The generated control information from a central dispatcher may be general, in that the central dispatcher may simply tell a data center to be prepared for n tons of cooling during a certain time period or a similar goal. In such a situation, the local controller may then convert those general instructions into more specific instructions, e.g., instructions to one or more chillers to begin operating sufficiently in advance so they can provide timely cooling, and to operate at certain levels (which can change over the time that the processing occurs). The instructions from the central dispatcher may also be more granular and take on more of the role from the local controller, such as by identifying which local resources to deploy and how to deploy them. For example, the central dispatcher's master plan may hinge on cooperative action between different data centers, with a goal of maintaining future flexibility and thus with concerns that may not be known to individual data centers. For example, a central dispatcher may understand that high variability in future time-sensitive processing needs is expected, and may thus want to hold capacity available at multiple data centers over-and-above what those data centers might otherwise hold. As such, the central dispatcher could instruct a local data center to operate its chillers at a maximum of 70% rather than 80%, but may then allow the local data center to determine how many chillers and which chillers to use to meet that goal (e.g., where the current or future operating state of each chiller may be known to the local controller but not the global controller). In other examples, the local dispatcher or the global dispatcher may take on operations otherwise handled by the other.

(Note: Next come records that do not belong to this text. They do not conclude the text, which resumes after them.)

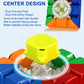 CFMOUR Magnetic 3x3 Speed Cube, Stickerless Magic with Stand, 48 Magnets
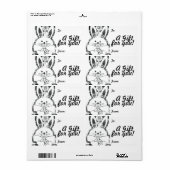 Modèle Étiquette de balise cadeau vers/depuis pers (Feuille entière)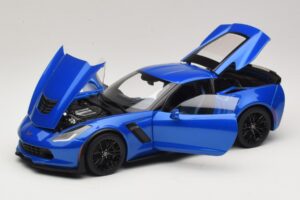 Chevrolet Corvette C7 Z06 Laguna Blue Tintcoat AUTOart 1:18 71265 Composite — photo 2 of 8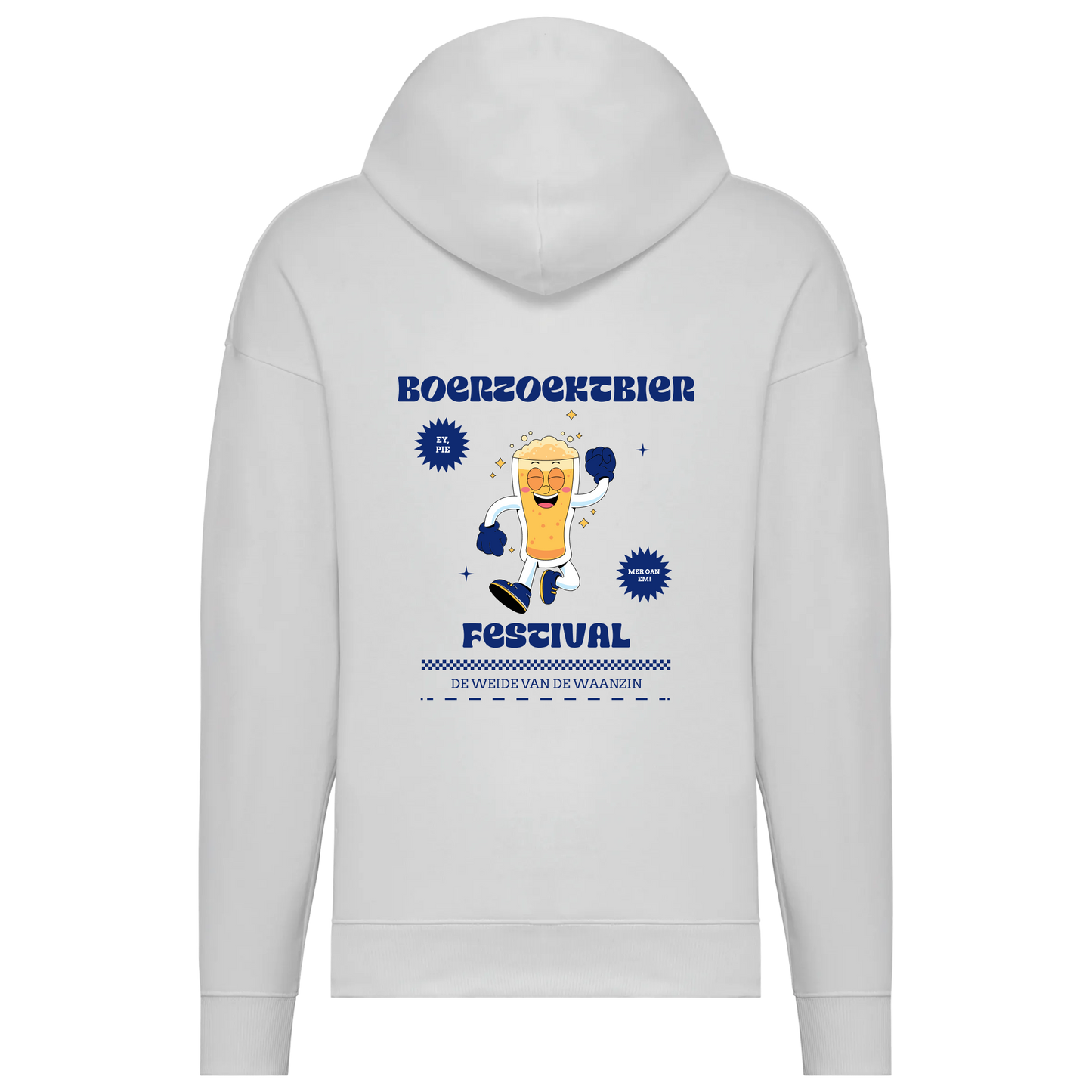 Hoodie - Retro Blauw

In certain implementations, the respective level of control may be divided so as to allow for data centers that are unaffiliated from each other (e.g., operated by different corporate entities) to process data from a central dispatcher, and to obtain revenue for such processing. With appropriate encryption of other privacy protections then, an organization may typically perform its own processing using its data center, but in times of lower demand (e.g., non-Christmas season for a retail company), the organization may make its excess bandwidth available under negotiated terms with a third party. Multiple such organizations may send data to the third-party indicating the amount of processing they have available during a defined future time period, and a price at which they are willing to perform the processing (where the price may be negotiated in advance and be part of an electronic price sheet that is available to all parties). The third-party may in turn take in demands for processing from other parties, and may use recent communications from the various organizations to choose which organizations to dispatch the processing too. The central organization may have some visibility into the mechanical and cooling capabilities of the various data centers so that it can better determine the capacity that each data center has. But the visibility may be limited, so that the organization can maintain secrecy over details about its operation.
At this point, the process may loop back to box 402 periodically or on the occurrence of a defined event, such as the arrival of a new batch of needed processing, a failure of a device or system that substantial degrades the performance of a part of the system, or other material change in events. The determinations used for dispatch may be updated and/or determined afresh using new information. For example, if the dispatcher has already committed certain data centers to certain processing, the system may leave such commitments in place, and may make determinations for new compute loads with those prior commitments applied as initial baselines—e.g., a data center that has a nominal capacity of X will be deemed to have a capacity of X-Y, where Y is the amount is committed already to handle.
At box 412, the system is operating nominally and well, when a disruption in communication occurs. For example, a local data center may stop receiving periodic and expected communications from a global controller, or vice-versa. When such an event occurs, the local controller may assert local control, and continue to operate consistent with its most recent communication from the global controller, in a form of autonomous mode. That may involve operating all devices at a steady state, operating devices at a variable level but in a way to continue to meet certain defined variable such as a chilled water temperature, or allowing additional variability, such as powering down certain devices after currently scheduled compute is completed, and additional cooling or electricity is no longer needed—at least as defined from the most recent global communication. During this time, the respective data centers can operate at a reduced, or safe, status that is generally at or below a utilization level that they would otherwise operate if they were getting updated instructions from a global controller, and possibly also taking on addition compute loads.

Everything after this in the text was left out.